*** Data for analysis Section Begins ***

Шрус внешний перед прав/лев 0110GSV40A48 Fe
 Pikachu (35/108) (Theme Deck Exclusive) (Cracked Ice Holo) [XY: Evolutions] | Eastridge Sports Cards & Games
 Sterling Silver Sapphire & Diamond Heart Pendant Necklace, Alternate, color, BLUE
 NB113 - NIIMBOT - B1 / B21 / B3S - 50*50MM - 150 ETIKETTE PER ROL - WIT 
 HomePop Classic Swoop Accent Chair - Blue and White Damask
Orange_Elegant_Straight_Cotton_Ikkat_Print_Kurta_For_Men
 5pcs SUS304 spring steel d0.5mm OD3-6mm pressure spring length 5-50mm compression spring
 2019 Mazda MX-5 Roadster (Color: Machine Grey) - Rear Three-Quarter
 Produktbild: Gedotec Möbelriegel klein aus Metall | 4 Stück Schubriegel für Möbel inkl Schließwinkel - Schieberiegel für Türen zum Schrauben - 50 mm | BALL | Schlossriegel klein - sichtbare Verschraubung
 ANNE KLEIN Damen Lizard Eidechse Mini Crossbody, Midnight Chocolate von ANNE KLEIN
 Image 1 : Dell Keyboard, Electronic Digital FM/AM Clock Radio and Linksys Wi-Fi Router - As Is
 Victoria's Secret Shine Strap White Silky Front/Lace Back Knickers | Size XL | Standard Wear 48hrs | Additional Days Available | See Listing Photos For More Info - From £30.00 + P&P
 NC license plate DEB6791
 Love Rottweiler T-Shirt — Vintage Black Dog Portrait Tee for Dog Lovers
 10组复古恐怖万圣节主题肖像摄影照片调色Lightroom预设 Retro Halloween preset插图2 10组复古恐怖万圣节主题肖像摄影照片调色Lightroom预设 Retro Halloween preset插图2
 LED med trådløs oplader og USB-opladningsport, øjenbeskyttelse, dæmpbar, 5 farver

*** Data for analysis Section Ends ***

Exercise requirements:
In the data above, find the line that contains "Image 1 : Dell", then reproduce exactly every line from the first line through that line.

Reply to the task:
Шрус внешний перед прав/лев 0110GSV40A48 Fe
 Pikachu (35/108) (Theme Deck Exclusive) (Cracked Ice Holo) [XY: Evolutions] | Eastridge Sports Cards & Games
 Sterling Silver Sapphire & Diamond Heart Pendant Necklace, Alternate, color, BLUE
 NB113 - NIIMBOT - B1 / B21 / B3S - 50*50MM - 150 ETIKETTE PER ROL - WIT 
 HomePop Classic Swoop Accent Chair - Blue and White Damask
Orange_Elegant_Straight_Cotton_Ikkat_Print_Kurta_For_Men
 5pcs SUS304 spring steel d0.5mm OD3-6mm pressure spring length 5-50mm compression spring
 2019 Mazda MX-5 Roadster (Color: Machine Grey) - Rear Three-Quarter
 Produktbild: Gedotec Möbelriegel klein aus Metall | 4 Stück Schubriegel für Möbel inkl Schließwinkel - Schieberiegel für Türen zum Schrauben - 50 mm | BALL | Schlossriegel klein - sichtbare Verschraubung
 ANNE KLEIN Damen Lizard Eidechse Mini Crossbody, Midnight Chocolate von ANNE KLEIN
 Image 1 : Dell Keyboard, Electronic Digital FM/AM Clock Radio and Linksys Wi-Fi Router - As Is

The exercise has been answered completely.